Before someone say this is singling out anyone in particular, it is not.


Any questions?


----------



## J-kid (May 26, 2003)

I for one injoy this forum and believe you are doing a great job.

I understand that you need rules to control the forum and keep it a friendly place to discuss martial arts.

Just dont end up going power crazy.


----------



## Master of Blades (May 26, 2003)

Now thats what I'm talking about! Damn, you guys have an answer for everything!


----------



## D_Brady (May 26, 2003)

Once again thanks for disrupting your time and life just to give us a place to visit.

 I can't imagin what goes on behind the scenes to keep this going again thanks.


----------



## Bob Hubbard (May 26, 2003)

Lots of hair pulling, thrown objects, and shouting. 

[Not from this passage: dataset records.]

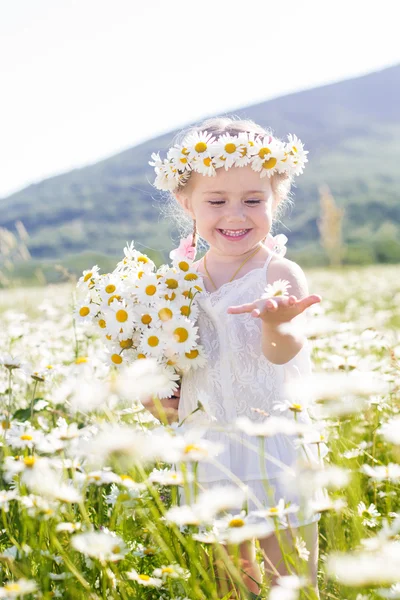 Söt liten flicka med blombukett chamomiles — Stockfoto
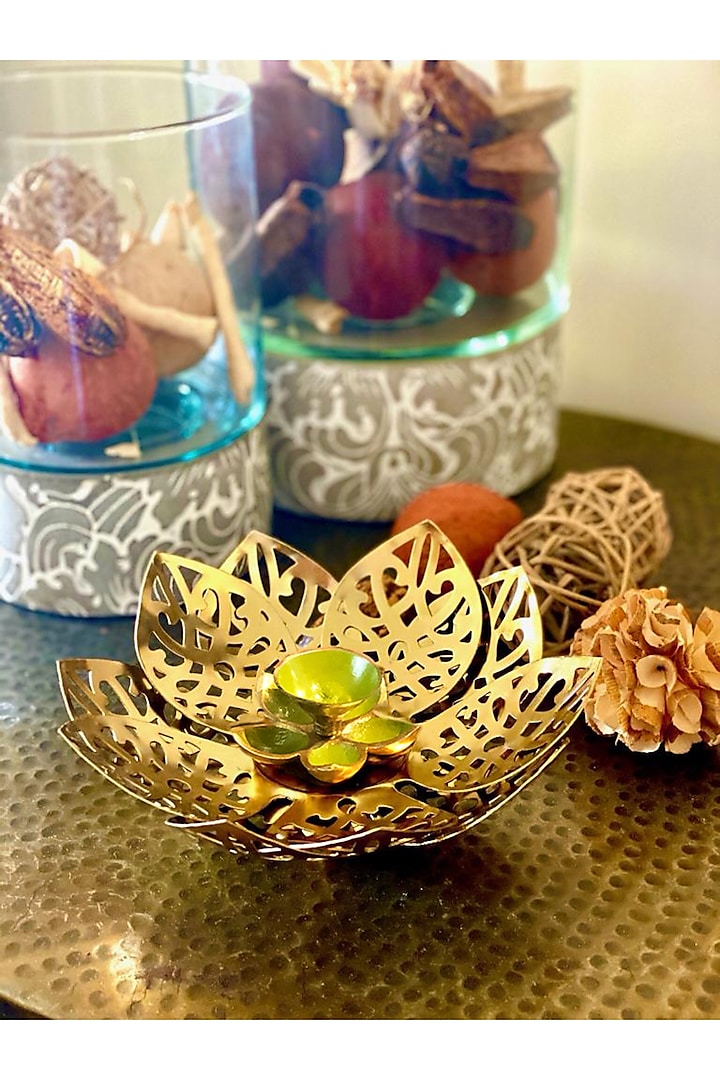 Green & Gold Filigree Diya  by Faaya Gifting
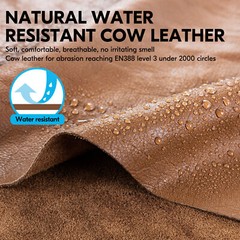 Vgo Cow Leather Work Gloves, Impact Mechanic Gloves,Water Repellent (CA7722IP)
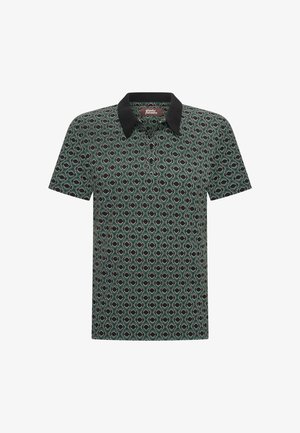 Kurzärmliges Poloshirt mit schwarzem Kragen und grünem, schwarzem und beigem geometrischem Muster, geknöpfter Leiste und normaler Passform.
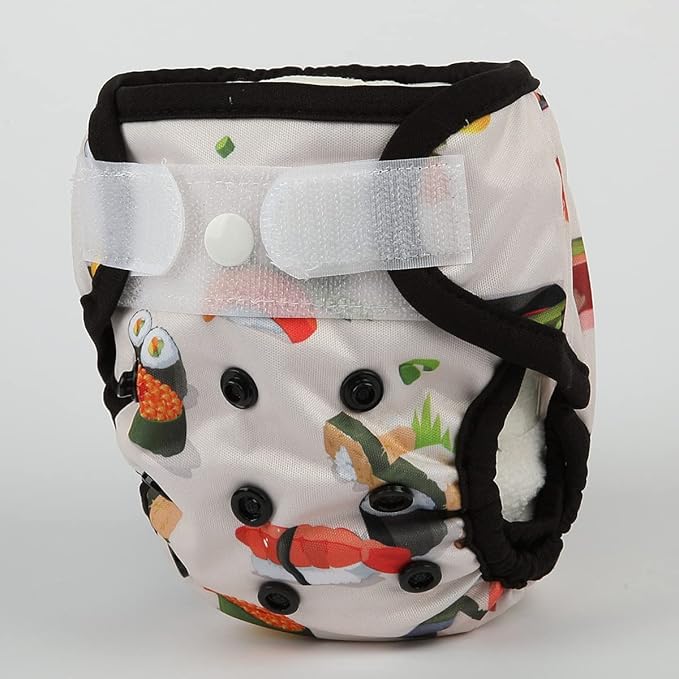 Newborn Baby Cloth Diaper Cover Nappy Hook and Loop (Sushi)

We want to make sure that MT is still around a year from now, with most of the same folks on board.  We're going to get a little stricter on enforcement of existing rules.

People are going to do what they are going to do.  We just clairified what is allowed, and how it is allowed.

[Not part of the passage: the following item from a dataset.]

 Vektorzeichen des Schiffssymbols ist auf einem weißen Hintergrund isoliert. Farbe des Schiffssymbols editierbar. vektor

Hopefully, after a brief 'settling in' period, we can relax again.  I myself hate having to 'drop the hammer' on folks.

:asian:


----------



## jukado1 (May 26, 2003)

for those that don't understand the need for some guidelines, go over to adcc and check out their forum board, see if you can find much martial arts of mma fight talk, then see if you can appreaceate what you have.   train hard, train smart.


----------



## Bob Hubbard (May 26, 2003)

1 of the other changes we have done recently, was to require members to disclose, at least to the admins, their full real name and location.

Now, some things can of course not be 100% verified.  However, if you say you are in Hamburg Germany, yet all of your posts come from Boise, Idaho, USA, well....theres a problem there.

New signups who fail to fill out the information in full are not validated, and the accounts are removed.  We tried sending a 'You missed something' email, but very few of those people provided the missing information.  So, we placed additional notices into the signup system, and just delete em if they aint complete.

As an example, guy signed up said his name was 'bob' and he was from 'bob'.   Now, I'm sure theres a town somewhere called 'bob', but darned if I know where it is.  Also, I only know of one 'bob' who needs no last name, but I doubt the uber-subgenius would signup here.  So, -delete-. 

We also have been enforcing the 'valid email address' policy, and are actively weeding the members list of abandoned accounts.  Another pruning will occur on July 1st, and notices will be going out to those folks who have not been back this year.  If you haven't visited with the past 6 months, your account will be deleted.  You can always sign up again. 


We are advertizing on Google and its affiliates at the moment, and a postcard mailing is going out starting Tuesday to 400 schools and instructors in New York State at a cost of $124.  This card is promoting MT and its webhosting capabilities, as well as use for marketing your school.  We are looking into magazine advertizing for the forum also. This all needs money to back it up. I encourage everyone who wants to see this place grow and expand to consider a sponsorship, be it a forum, a premium spot, or just listing your school.  If 10 people take out annual textcard spots on the schools page, it is = to 1000 postcards mailed out inviting more people to participate.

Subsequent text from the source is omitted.